Start of Records shown

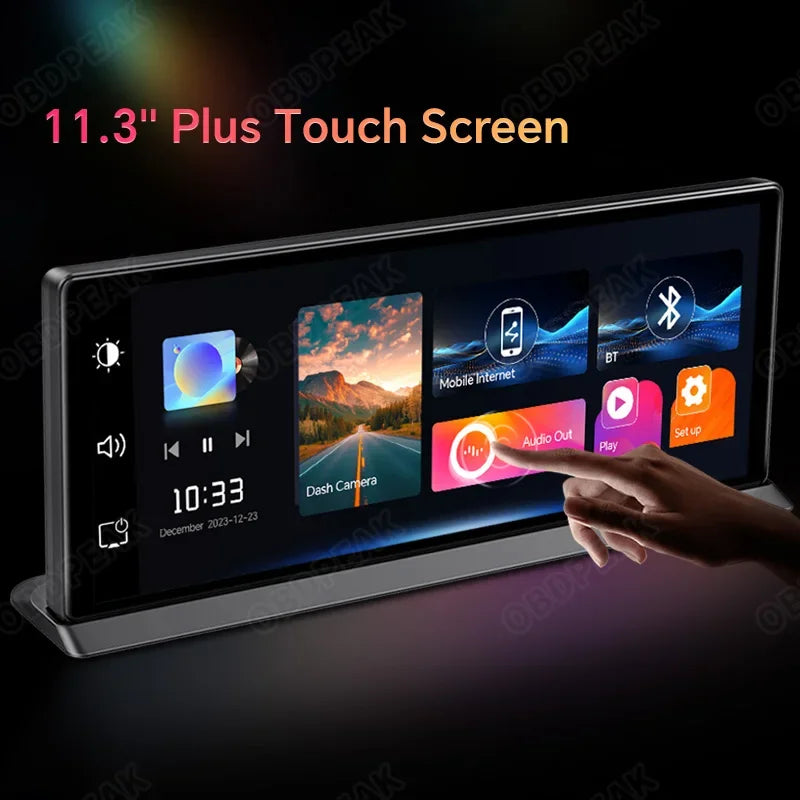 11.3 inch Car DVR 4K Dash Cam Dual Lens Wireless Carplay & Android Aut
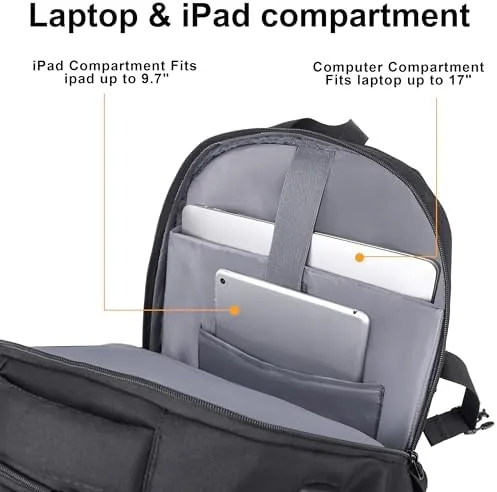 The MOZETO 17 Inch Laptop Backpack, Large Tactical Inspired Travel Bag in real use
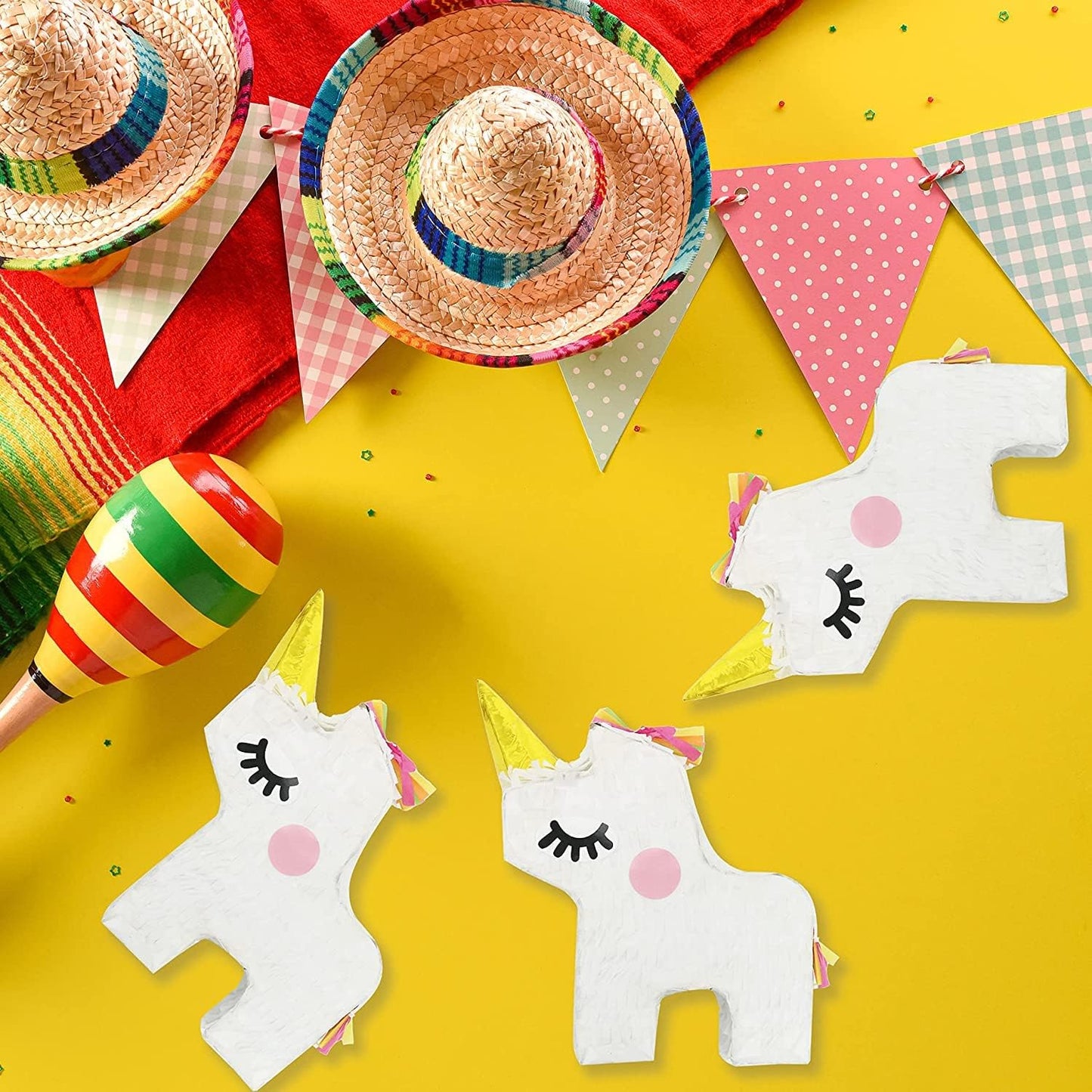 GIFTEXPRESS Mini piñatas de unicornio (8"x6")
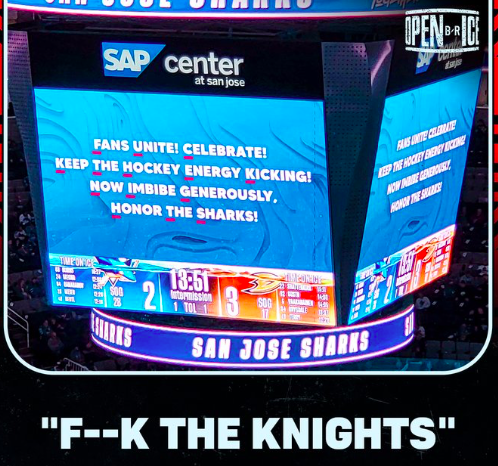 AYOYE!!! Les Sharks insultent les Golden Knights sur l'écran géant!!!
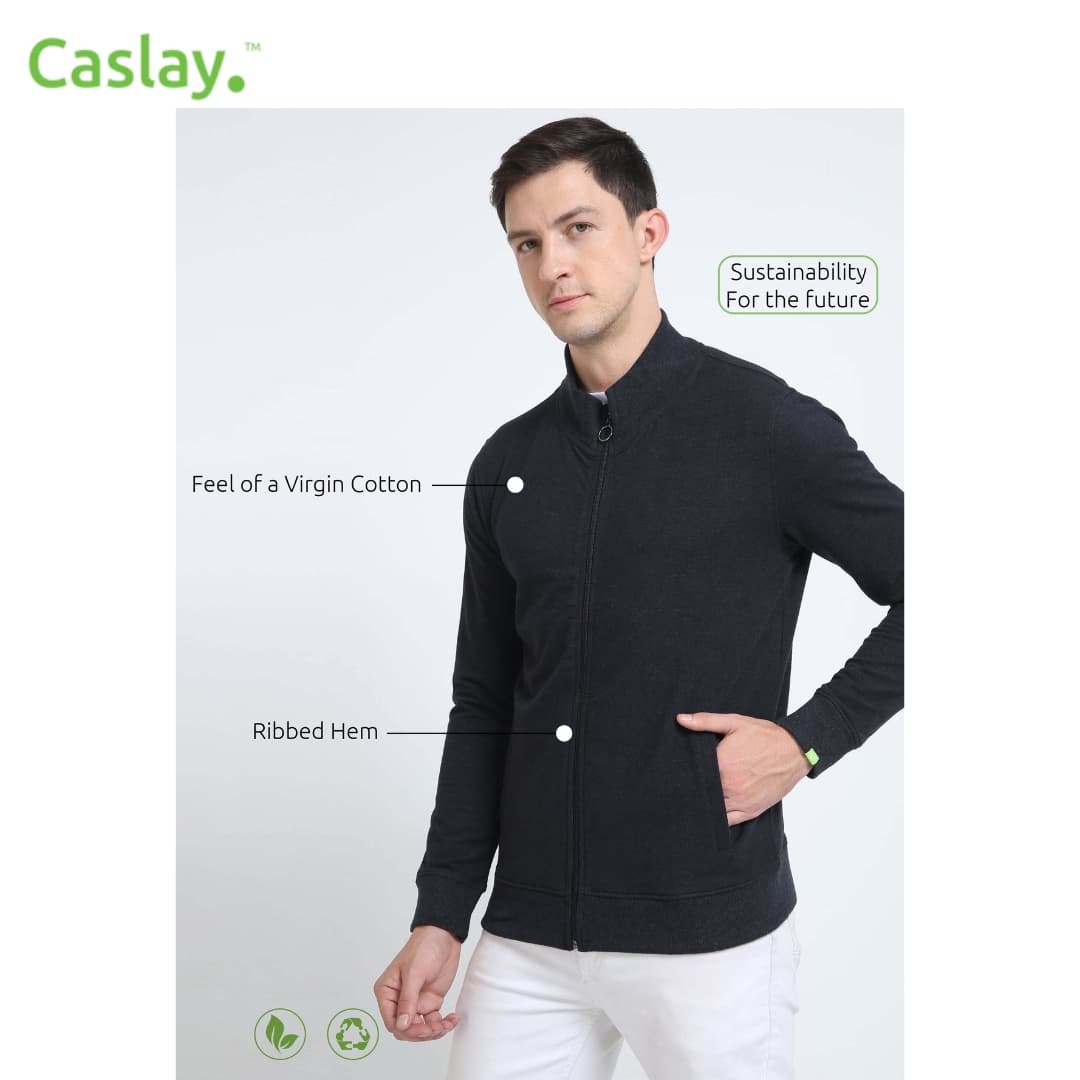 Caslay Highneck Jacket - Charcoal Melange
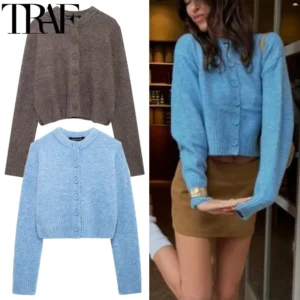 Women's Sweater Knitwears Blue Cropped Sweaters Knitted Cardigan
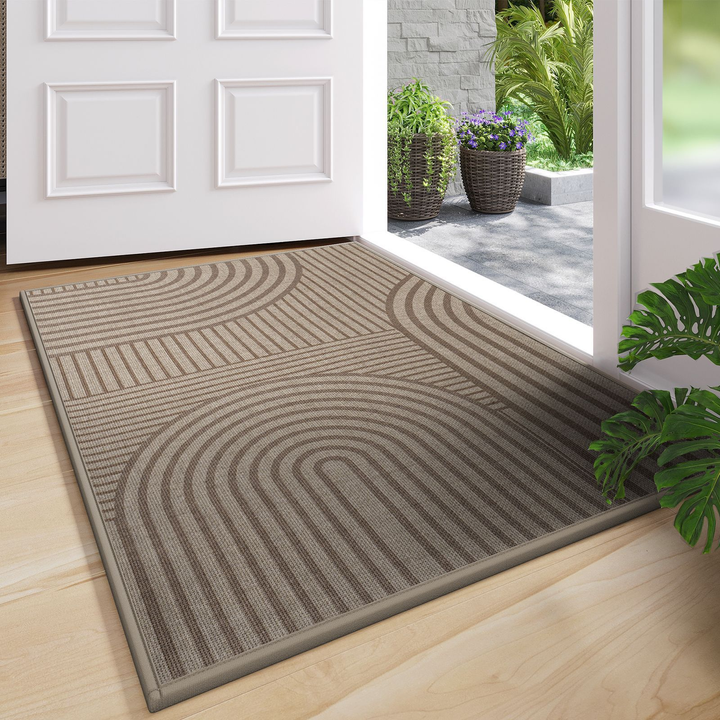 Durable anti-slip ribbed door mat for indoor & outdoor use, perfect entryway floor mat trapping dirt effectively.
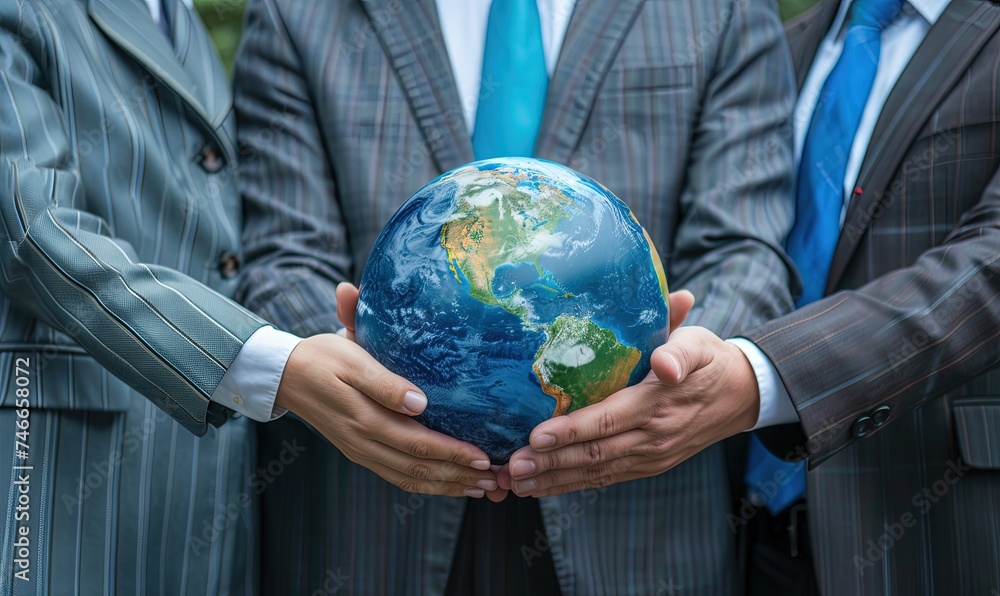 Group of business people hold planet Earth globe together as Earth day concept. Mission to save Earth by business commitment to environment friendly methods and sustainable practices. Group of business people hold planet Earth globe together as Earth day concept. Mission to save Earth by business commitment to environment friendly methods and sustainable practices.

End of Records shown

§ The problem
Word for word, quote the lines above. Omit the pictures.

§ Task answer
 11.3 inch Car DVR 4K Dash Cam Dual Lens Wireless Carplay & Android Aut
 The MOZETO 17 Inch Laptop Backpack, Large Tactical Inspired Travel Bag in real use
 GIFTEXPRESS Mini piñatas de unicornio (8"x6")
 AYOYE!!! Les Sharks insultent les Golden Knights sur l'écran géant!!!
 Caslay Highneck Jacket - Charcoal Melange
 Women's Sweater Knitwears Blue Cropped Sweaters Knitted Cardigan
 Durable anti-slip ribbed door mat for indoor & outdoor use, perfect entryway floor mat trapping dirt effectively.
 Group of business people hold planet Earth globe together as Earth day concept. Mission to save Earth by business commitment to environment friendly methods and sustainable practices. Group of business people hold planet Earth globe together as Earth day concept. Mission to save Earth by business commitment to environment friendly methods and sustainable practices.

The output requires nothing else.